With the upcoming requirement that advisers to many private investment funds must register with the SEC, I figured it was time to look at some of the requirements that registration will impose.

Section 204A of the Investment Advisers Act requires registered investment advisers to

“establish, maintain, and enforce written policies and procedures reasonably designed, taking into consideration the nature of such investment adviser’s business, to prevent the misuse … of material, nonpublic information by such investment adviser or any person associated with such investment adviser.”

It also requires the SEC to adopt “adopt rules or regulations to require specific policies or procedures reasonably designed to prevent misuse.” That leads to the issuance of  Rule 204A-1 under the Investment Advisers Act of 1940

Rule 204A-1 has three key elements: Adoption, Reporting, IPOs.

The adoption element lays out what needs to be in the advisers code of ethics:

  1. A standard of business conduct that you require which reflect the fiduciary obligations;
  2. Provisions requiring your supervised persons to comply with applicable federal securities laws;
  3. Provisions that require all of your access persons to report, and you to review, their personal securities transactions and holdings periodically;
  4. Provisions requiring supervised persons to report any violations of your code of ethics promptly; and
  5. Provisions requiring you to provide each of your supervised persons with a copy of your code of ethics and any amendments, and requiring your supervised persons to provide you with a written acknowledgment of their receipt of the code and any amendments.

Number five requires the standard delivery of the code and signature that they received the code. The prompt reporting is also standard for a code of conduct, as is the compliance with laws.

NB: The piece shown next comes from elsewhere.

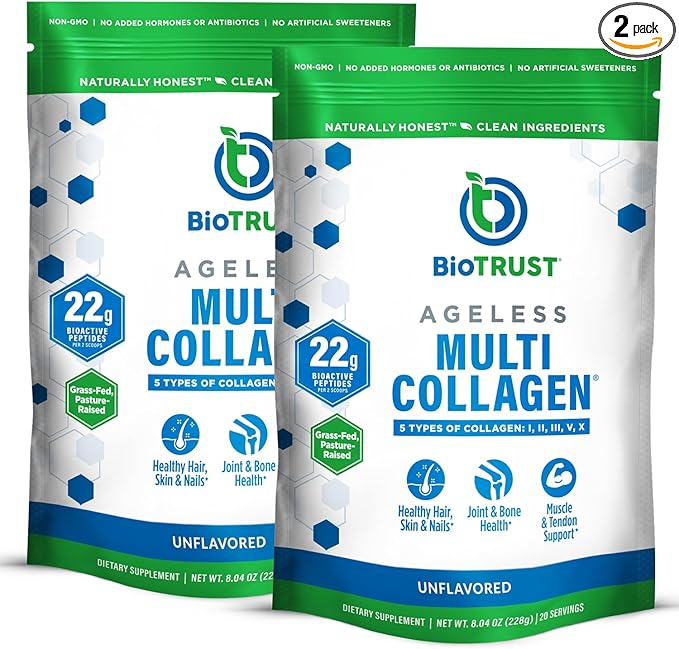 BioTrust Ageless Multi Collagen Peptides Powder – 5 Types (I, II, III, V, X) – Unflavored Collagen Powder for Women & Men – Hydrolyzed Protein – Grass Fed Beef, Fish, Chicken, Eggshell Membrane, 2-pk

The fiduciary obligations may be a surprise for the advisers to private investment funds. Fund managers typically structure the funds as limited partnerships. The enabling statute impose a fiduciary duty on the general partner of a limited partnership, which for a private fund will be the investment adviser affiliate. Delaware limited partnership law allows a general partner to reduce its fiduciary obligations, but still must retain the implied contractual covenant of good faith and fair dealing. (see 17 Del Code §17-1101)

On the other hand, Section 206 of the Investment Advisers Act imposes fiduciary duties on investment advisers, regardless of whether or not they are registered with the SEC. This is a different body of law defining the obligations of an investment adviser as opposed to the general partner of a limited partnership.

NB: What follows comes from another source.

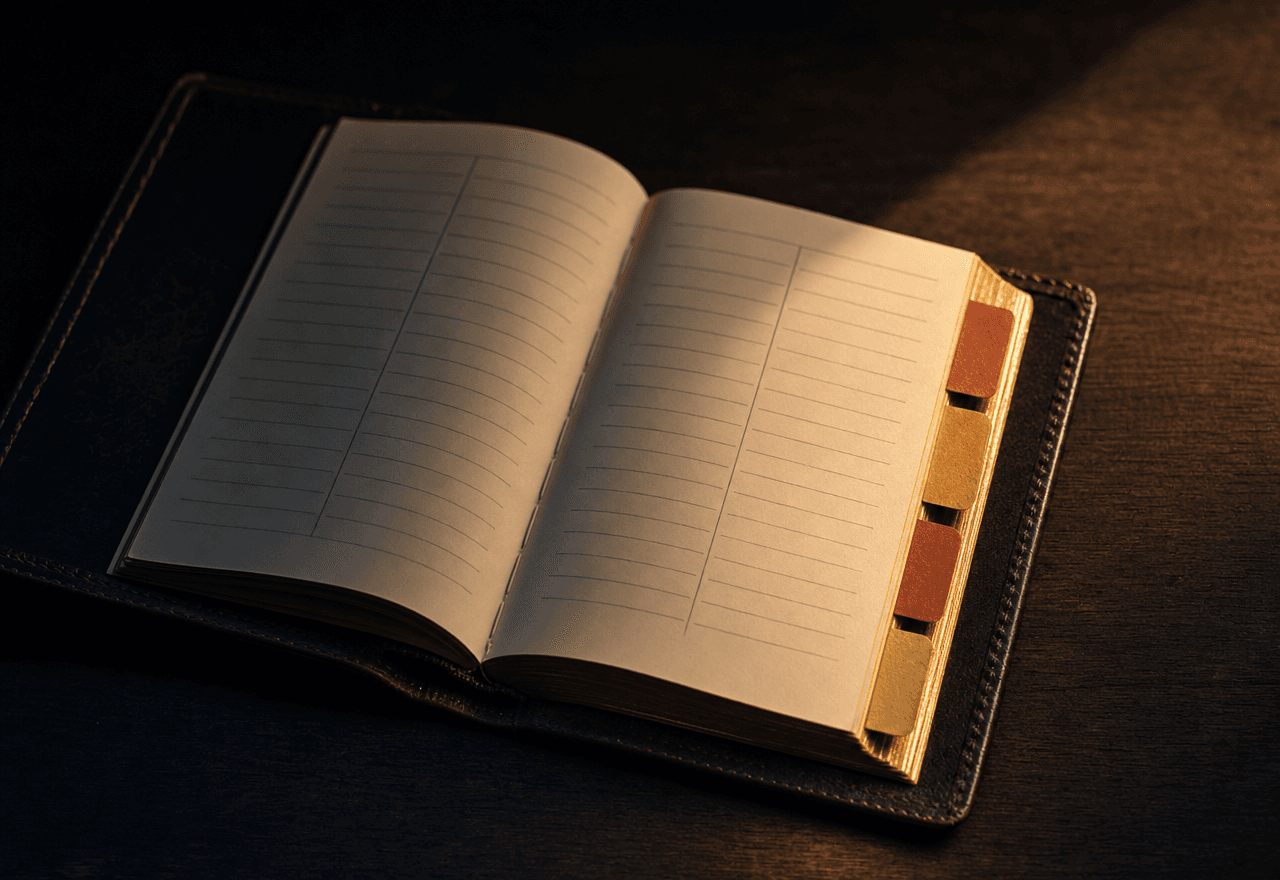 Ein aufgeschlagenes Adressbuch aus Leder mit klassischen Spaltenlinien und Registerreitern auf einem dunklen Nussbaumschreibtisch.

The fiduciary obligation in 206 make its a violation to

  • employ any device, scheme, or artifice to defraud any client or prospective client;
  • engage in any transaction, practice, or course of business which operates as a fraud or deceit upon any client or prospective client;
  • engage in any act, practice, or course of business which is fraudulent, deceptive, or manipulative;

Those are your conventional anti-fraud provisions. There is one more violation and it gets the most attention:

“Acting as principal for his own account, knowingly to sell any security to or purchase any security from a client, or acting as broker for a person other than such client, knowingly to effect any sale or purchase of any security for the account of such client, without disclosing to such client in writing before the completion of such transaction the capacity in which he is acting and obtaining the consent of the client to such transaction.”

The key here is that is a violation to if you don’t disclose the conflict prior to completion of the transaction.

Fora private fund, you will need to take a look at Rule 206(4)-8 because it lays out some additional fraud prohibitions for investment advisers to private investment funds.

If you run a private fund and don’t have written code of  ethics, it’s time to start thinking about putting one in place. Here are some examples of investment adviser code of ethics:

If you don’t have a code of conduct and are looking for a starting point. Those three are worth taking a look at. There are plenty of others out there and findable with an internet search.

Also keep in mind that you will have to revisit your code next year. Rule 206(4)-7 requires an annual review of your code of ethics.

Sources:

  • Section 204A of the Investment Adviser Act
  • Rule 204A-1 – Investment Adviser Code of Ethics
  • Investment Adviser Code of Ethics Rule by Shearman and Sterling
  • Section 206 of the Investment Advisers Act
  • Rule 206(4)-7
  • Rule 206(4)-8

It Will be up to the SEC to Define Venture Capital

With the financial reform bill set to eliminate the 15 client rule exemption for registration under the Investment Advisers Act, the only remaining exemption for fund companies with over $150 million in assets under management will be for venture capital. The Congressional conference decided to not include the Senate’s exemption for private equity.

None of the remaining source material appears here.